[petsc-users] OOM error while using TSSUNDIALS in PETSc

Patrick Sanan patrick.sanan at gmail.com
Wed Mar 17 09:27:14 CDT 2021





> Am 17.03.2021 um 15:15 schrieb Sanjoy Kumar Mazumder <mazumder at purdue.edu>:
> 
> Hi all,
> 
> I am trying to solve a set of coupled stiff ODEs in parallel using TSSUNDIALS with SUNDIALS_BDF as 'TSSundialsSetType' in PETSc. I am using a sparse Jacobian matrix of type MATMPIAIJ with no preconditioner. It runs for a long time with a very small timestep (~10^-8 - 10^-10) and then terminates abruptly with the following error:
> 
> 'slurmstepd: error: Detected 4 oom-kill event(s) in step 1701844.batch cgroup. Some of your processes may have been killed by the cgroup out-of-memory handler.'
> 
This general class of problem can arise if there is a (small) memory leak occuring at every time step, so that is the first thing to rule out. 

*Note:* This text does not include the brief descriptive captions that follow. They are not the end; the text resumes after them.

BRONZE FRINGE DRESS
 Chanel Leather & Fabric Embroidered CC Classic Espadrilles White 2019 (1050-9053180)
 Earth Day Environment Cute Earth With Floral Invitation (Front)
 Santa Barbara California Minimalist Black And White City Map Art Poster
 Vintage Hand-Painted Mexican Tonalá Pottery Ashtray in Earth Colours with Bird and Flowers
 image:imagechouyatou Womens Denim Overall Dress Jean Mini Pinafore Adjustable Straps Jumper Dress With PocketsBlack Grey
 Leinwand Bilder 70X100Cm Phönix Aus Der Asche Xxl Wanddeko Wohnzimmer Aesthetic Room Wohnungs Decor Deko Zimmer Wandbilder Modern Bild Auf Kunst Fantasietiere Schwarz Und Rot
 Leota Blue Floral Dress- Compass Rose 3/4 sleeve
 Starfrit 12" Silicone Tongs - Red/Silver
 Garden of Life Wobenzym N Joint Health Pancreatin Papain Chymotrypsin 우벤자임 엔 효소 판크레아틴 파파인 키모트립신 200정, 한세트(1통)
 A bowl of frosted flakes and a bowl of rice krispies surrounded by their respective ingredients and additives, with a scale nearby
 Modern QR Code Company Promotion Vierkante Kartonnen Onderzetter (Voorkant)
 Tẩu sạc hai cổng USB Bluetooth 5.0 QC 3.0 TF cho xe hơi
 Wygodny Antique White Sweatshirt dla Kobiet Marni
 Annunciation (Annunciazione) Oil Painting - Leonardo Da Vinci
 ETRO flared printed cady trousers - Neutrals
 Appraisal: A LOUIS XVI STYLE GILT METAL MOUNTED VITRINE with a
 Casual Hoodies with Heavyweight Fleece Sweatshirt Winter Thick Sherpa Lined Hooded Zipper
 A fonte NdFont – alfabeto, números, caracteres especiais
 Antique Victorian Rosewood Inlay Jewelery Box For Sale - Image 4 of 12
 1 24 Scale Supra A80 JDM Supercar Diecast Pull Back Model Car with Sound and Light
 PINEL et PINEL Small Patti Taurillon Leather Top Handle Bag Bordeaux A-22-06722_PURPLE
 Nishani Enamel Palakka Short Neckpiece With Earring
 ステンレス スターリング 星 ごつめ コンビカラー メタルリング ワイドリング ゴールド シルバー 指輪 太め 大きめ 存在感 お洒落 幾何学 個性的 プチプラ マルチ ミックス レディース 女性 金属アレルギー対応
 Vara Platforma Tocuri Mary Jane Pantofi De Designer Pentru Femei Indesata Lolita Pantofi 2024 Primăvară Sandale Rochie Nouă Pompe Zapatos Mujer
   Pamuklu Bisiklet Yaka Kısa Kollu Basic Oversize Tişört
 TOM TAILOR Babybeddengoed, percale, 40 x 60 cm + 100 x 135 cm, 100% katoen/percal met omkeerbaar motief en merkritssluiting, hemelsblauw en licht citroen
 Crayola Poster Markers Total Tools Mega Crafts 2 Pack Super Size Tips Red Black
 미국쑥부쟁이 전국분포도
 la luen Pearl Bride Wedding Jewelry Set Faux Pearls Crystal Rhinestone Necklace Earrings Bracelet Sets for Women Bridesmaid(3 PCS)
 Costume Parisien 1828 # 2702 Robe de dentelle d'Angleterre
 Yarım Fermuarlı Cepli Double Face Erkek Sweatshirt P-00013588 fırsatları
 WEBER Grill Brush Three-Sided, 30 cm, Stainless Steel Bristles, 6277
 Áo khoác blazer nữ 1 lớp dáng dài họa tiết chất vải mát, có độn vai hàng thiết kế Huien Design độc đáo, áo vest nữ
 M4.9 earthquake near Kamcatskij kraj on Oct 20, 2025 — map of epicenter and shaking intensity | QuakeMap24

> After going through some of the common suggestions in the mailing list before, 
> 
> 1) I tried increasing the memory alloted per cpu (--mem-per-cpu) in my batch script but the problem still remains. 
When you tried increasing the memory allocated per CPU, did the solver take more timesteps before the OOM error?

> 2) I have also checked for proper deallocation of the arrays in my function and jacobian sub-routines before every TS iteration.
Did you confirm this with a tool like valgrind? If not, Is it possible for you to run a few time steps of your code on a local machine with valgrind?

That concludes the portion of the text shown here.